A testa bassa appare un universo perfettamente reale ma rivoltato: un Metaverso si direbbe oggi e la macchina diventa uno strumento d’indagine come lo stetoscopio, come i raggi X, come il telescopio per Galileo Galilei o il microscopio olandese del 1590…
Ogni scatto, ogni fotografia diventa una selezione dell’intero, della totalità della visione oculare: si scoprono cose NON invisibili ma NON GUARDATE…scriveva Le Corbusier su “L’Esprit Nouveau “Les Yeux q’on voit pas” gli occhi che non vedono più.
Guardando le foto di Paolo e in special modo i densi bianconero di Roma Barocca (1966) e dell’insuperabile Borromini (1967) si riesce a comprendere quanto abbia giocato la macchina fotografica (in questo tipo di nuova indagine accoppiata a una ricerca culturale e scientifica di altissimo livello, alla comprensione di fenomeni architettonici e stilistici “dati per dato” e, in alcuni casi, addirittura in disgrazia.
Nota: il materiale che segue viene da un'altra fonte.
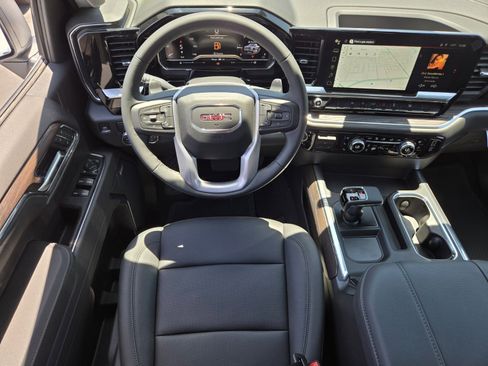 New 2025 GMC Sierra 1500 SLT w/ SLT Premium Package image 9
E questo vale per il Barocco, per il Rococò, per l’Art Nouveau, per l’arte Topiaria, per il Razionalismo Italiano virato purtroppo in Stile razionale con tutti i difetti del “cappotto rivoltato” in tempi di guerra…
Portoghesi ha il grande merito di avere radunato e “guardato” finalmente tante pecorelle smarrite riportandole nell’ovile di tanti libri e tante foto alle quali ho l’orgoglio di avere dato il mio contributo in amicizia e comunanza di idee.
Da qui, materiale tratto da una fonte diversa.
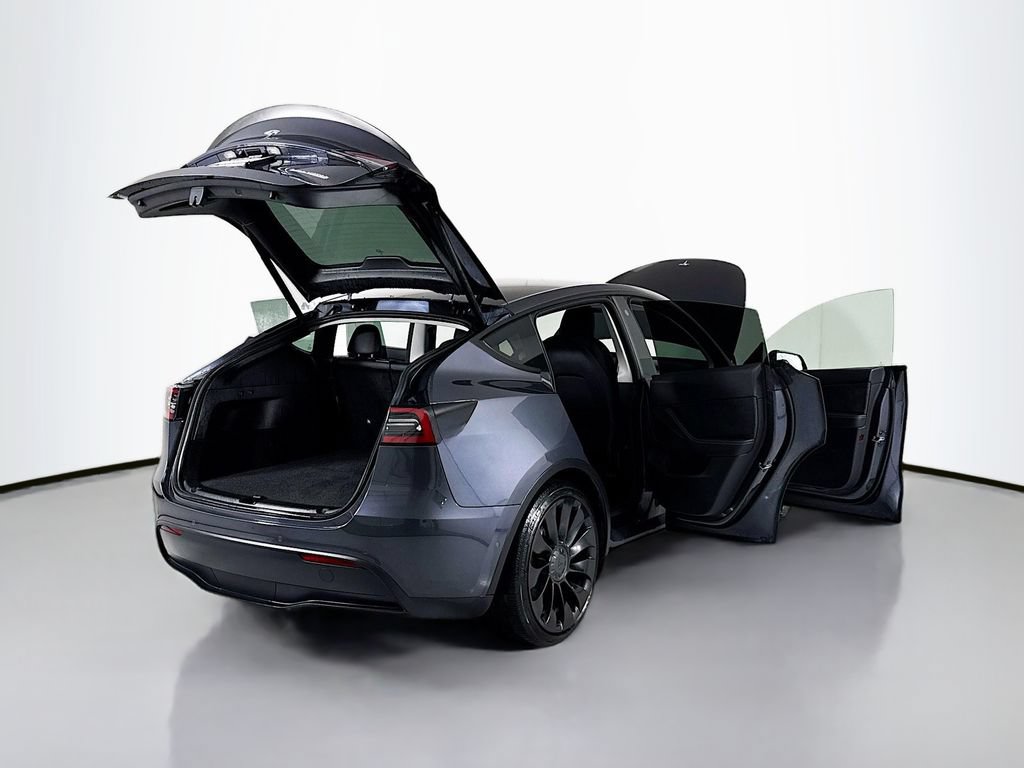 Used 2022 Tesla Model Y Performance AWD/4WD image 28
La passione per il Ticinese Borromini
La sua indubbia passione per Francesco Borromini arriva – nelle foto – ad una sorta di Transfert freudiano che gli permette lo smontaggio del meccanismo progettuale del Ticinese, ai ripensamenti bene evidenziati nei disegni superstiti all’Albertina di Vienna, allo scoprimento di segnali a doppio senso … una mano nevrotica, ipocondriaca, misantropa e forse misogina che come in una TAC viene salvata nelle foto di Paolo. Si svela un personaggio poco diplomatico che osa scrivere al Cardinale Camillo Pamphili
“…E se le dette cose appariranno al perfetto giudizio di Vostra Eminenza spropositi, ne incolpi sé medesimo in havere domandato parere ad uno spropositato come son’io”
e così si gioca il lavoro per il Casino del Bel Respiro a Villa Pamphilj che passerà ad Alessandro Algardi.
Un uomo, il Borromini, alla perenne ricerca della Luce e dei suoi effetti sulle membrature e le sinuose cornici proprio forse per le tenebre della sua mente…Luce negata che in una notte d’agosto lo porterà, per rabbia, a suicidarsi gettandosi sulla propria spada.
Il Bianco e Nero vero colore dell’Architettura
In questa chiave e in questa mostra l’Architetto/Fotografo Paolo Portoghesi dà il meglio di sé in settanta immagini di un burrascoso ma solare Bianco e Nero: il vero colore dell’Architettura. Sono la storia di un metodo, una lezione di stile. Si dimentica Henri Cartier-Bresson e il mito della Leica inventata da Oskar Barnack, si dimenticano i magici colori africani di Bruce Chatwin e i quattro granulosi fotogrammi salvati della Contax di Robert Capa nello sbarco in Normandia: un altro mondo…
Ma assolutamente per ragioni affettive mie e sicuramente di Paolo non posso (non possiamo) dimenticare due signori tedeschi Paul Franke e Reinhold Heidecke, una sorta di Gatto e Volpe della fotografia, che nel 1920 tagliano a metà una macchina stereo Heidoscop a tre obiettivi, buttano via quello centrale e girano in verticale gli altri due creando la gloriosa prima Rolleiflex...nient’altro che una migrazione degli occhi. Appunto, come nella sogliola.
E sarà proprio una Rollei la prima macchina di Paolo.
[1] Autore di Alice nel Paese delle meraviglie.